So I chose to go for the Saturday class instead. If not, I would have to wait for the following Sunday to attend the class.
This is the first of two theory classes that I will have to attend before I am issued the “L” licence. The other will be a six-hour maintenance course.
Earlier, a staff of the driving school called me to confirm my attendance to the class. She reminded that I need to “pakai baju sopan.” She didn’t tell me anything about footwear.
I wore sandals bbut before class started she lent me a pair of “kasut yang bertutup”.
Nanti kalau JPJ datang check, dia akan suruh kakak keluar sebab tidak menepati syarat hadir ke kelas,” she told me. No JPJ officials came to check on the class. If not, some girls would have to leave class because they too were wearing sandals.
Before going into class, candidates had to have to their right thumb print scanned. We had to do the same after class ended.
In class, I was given an English manual. I had asked for it.
Class was from 9.30am to 3.30pm, with a 30 minute morning and lunch breaks.
I thought I would easily be the oldest candidate in the class but there was someone much older than me. “Saya … saya,” she said, hands in the air when the trainer asked for candidates to introduce themselves.

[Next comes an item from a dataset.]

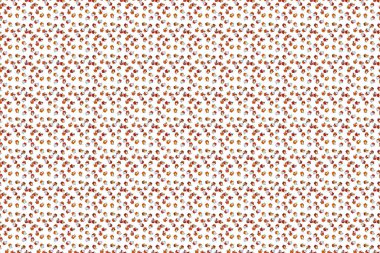 Elle çizilmiş tatlılarla kusursuz desen: Kekler, pasta, pasta, kekler. Raster illüstrasyonu. Turuncu, kırmızı ve beyaz üzerine şirin bir doğum günü geçmişi var..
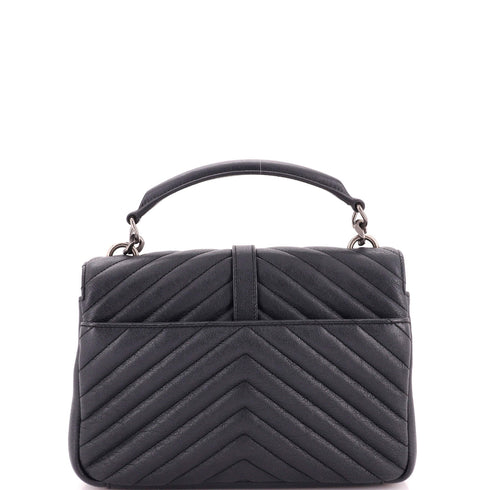 Classic Monogram College Bag Matelasse Chevron Leather Medium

Nama saya Hasnah … Makcik Hasnah, umur 63 tahun,” she said to the cheers of some 60-odd candidates in the class.
She signed up for both the motorcycle and car driving classes. “Saya takut sebenarnya … saya pernah masuk longkang masa bawa motor,” she told the class. “Saya jerit minta tolong dari dalam longkang tu. Orang datang tolong saya,” she said.
To tell you the truth, we could all do without the class. The girl sitting next to me shook her head countless times as we listened to the trainer’s nonsensical ramblings.
It was to me a total waste of time. We were better off learning the Highway Code by ourselves.
The trainer spent the first three hours of the period sharing his experience about driving and teaching people how to drive. He also got some of the candidates to share their experiences. One student actually slept through the class.
It was the last hour or so that we went through the Drivers Education Curriculum (DEC) book.
Earlier when introducing the book, he told us jokingly to “Balik rumah, rebus buku ni, minum airnya.” We were asked to turn to certain pages, underline a word or a sentence, because these were some of the parts “yang akan keluar semasa ujian nanti,” he said.
I seriously do not see the necessity of having to sit for the class. And if indeed there is a need for one, RTD should constantly drop into the class to see whether the so called syllabus is covered.
Before class ended, we had to inform the staff of the driving school on our chosen date to attend the test.
I signed up for the test on February 19.